## WHAT YOU WILL DO
Reproduce exactly the lines below from the one containing "Ripe fig on blue background, close up" through the one containing "El presidente de", including both, and nothing else.

## INFORMATION SHOWN

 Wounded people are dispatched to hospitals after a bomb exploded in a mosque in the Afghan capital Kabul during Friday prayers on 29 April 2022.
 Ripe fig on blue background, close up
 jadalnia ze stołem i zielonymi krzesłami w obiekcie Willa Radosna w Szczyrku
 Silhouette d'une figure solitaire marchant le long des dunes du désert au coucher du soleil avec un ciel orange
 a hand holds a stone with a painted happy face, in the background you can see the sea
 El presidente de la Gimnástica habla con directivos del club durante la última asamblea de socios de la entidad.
---
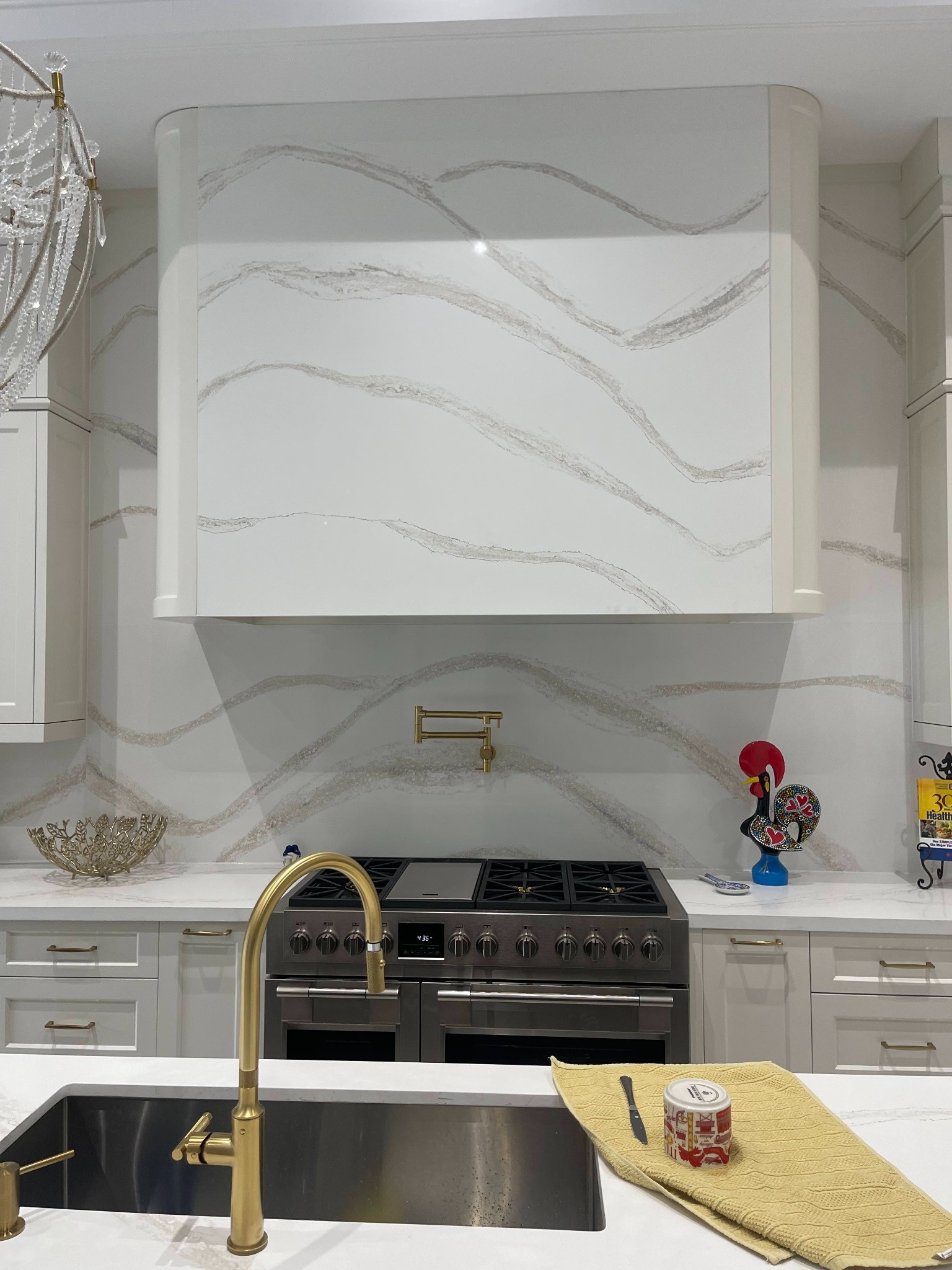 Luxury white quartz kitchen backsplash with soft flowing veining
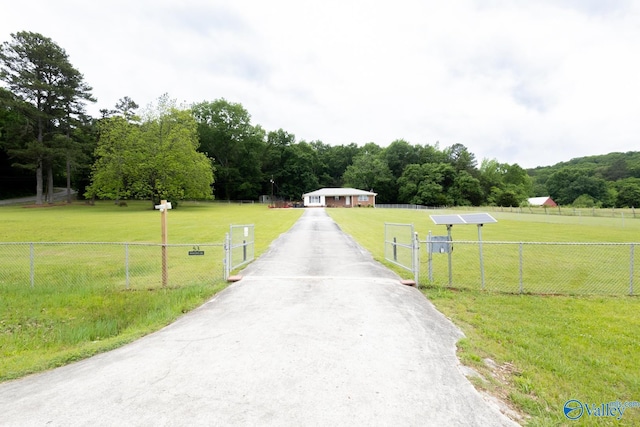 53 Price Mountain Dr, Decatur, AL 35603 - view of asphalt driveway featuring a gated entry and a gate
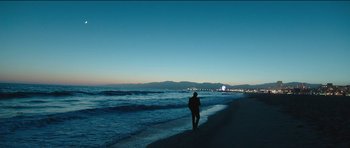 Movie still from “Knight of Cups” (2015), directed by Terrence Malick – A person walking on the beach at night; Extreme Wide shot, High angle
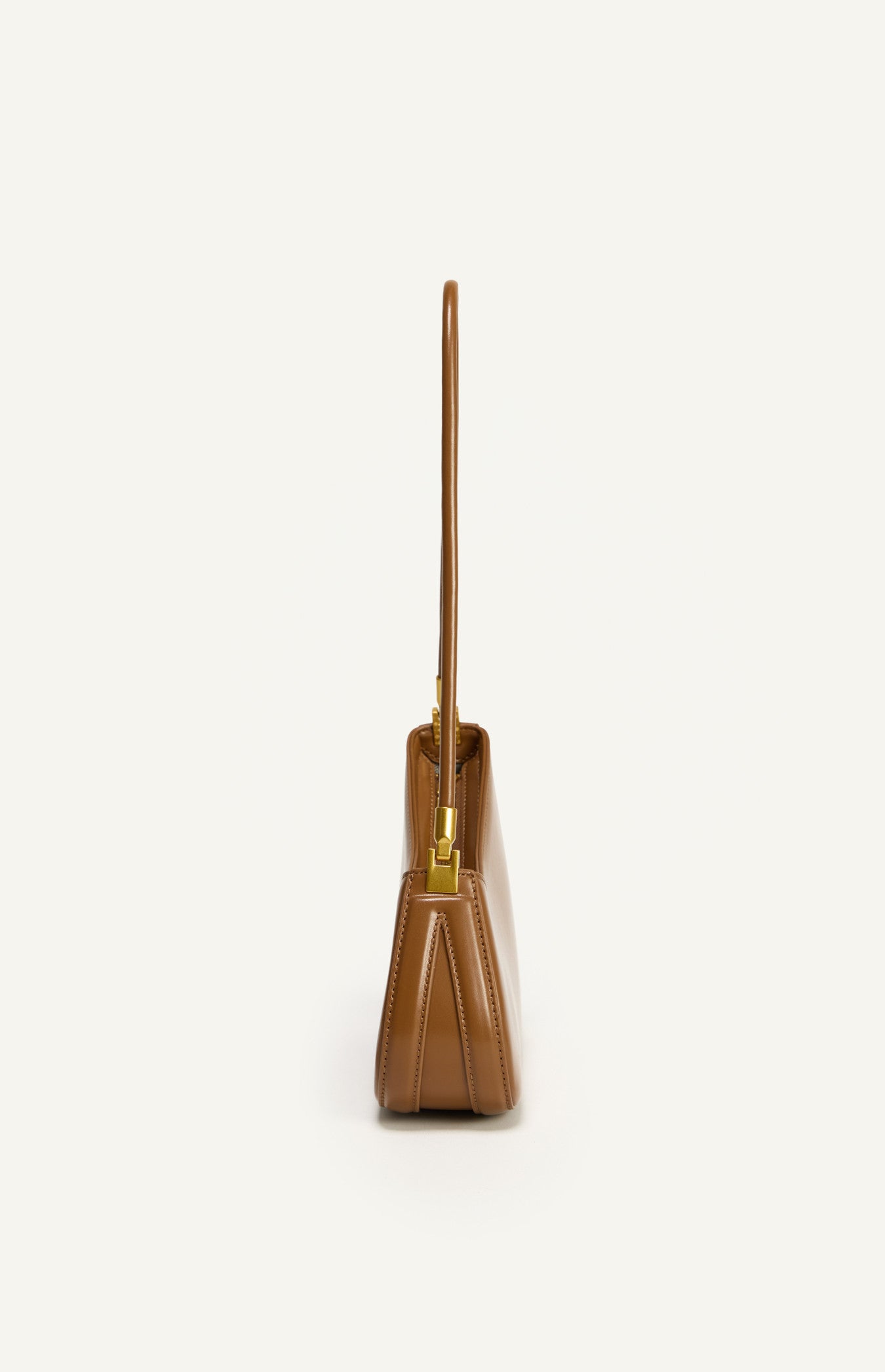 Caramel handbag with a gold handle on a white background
* * *
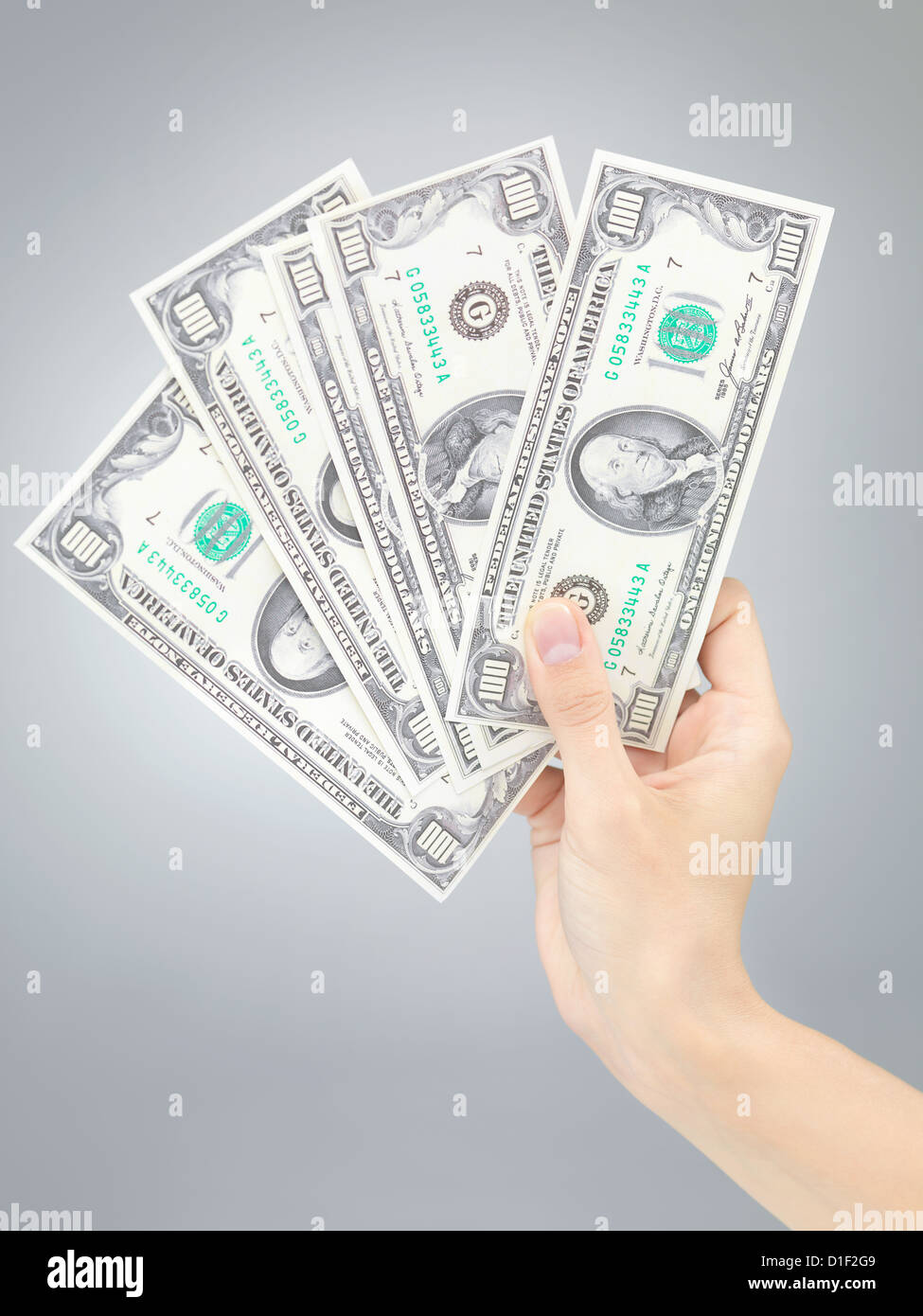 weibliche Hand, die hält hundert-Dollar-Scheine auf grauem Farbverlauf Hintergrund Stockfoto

## RESPONSE TO THE TASK
 Ripe fig on blue background, close up
 jadalnia ze stołem i zielonymi krzesłami w obiekcie Willa Radosna w Szczyrku
 Silhouette d'une figure solitaire marchant le long des dunes du désert au coucher du soleil avec un ciel orange
 a hand holds a stone with a painted happy face, in the background you can see the sea
 El presidente de la Gimnástica habla con directivos del club durante la última asamblea de socios de la entidad.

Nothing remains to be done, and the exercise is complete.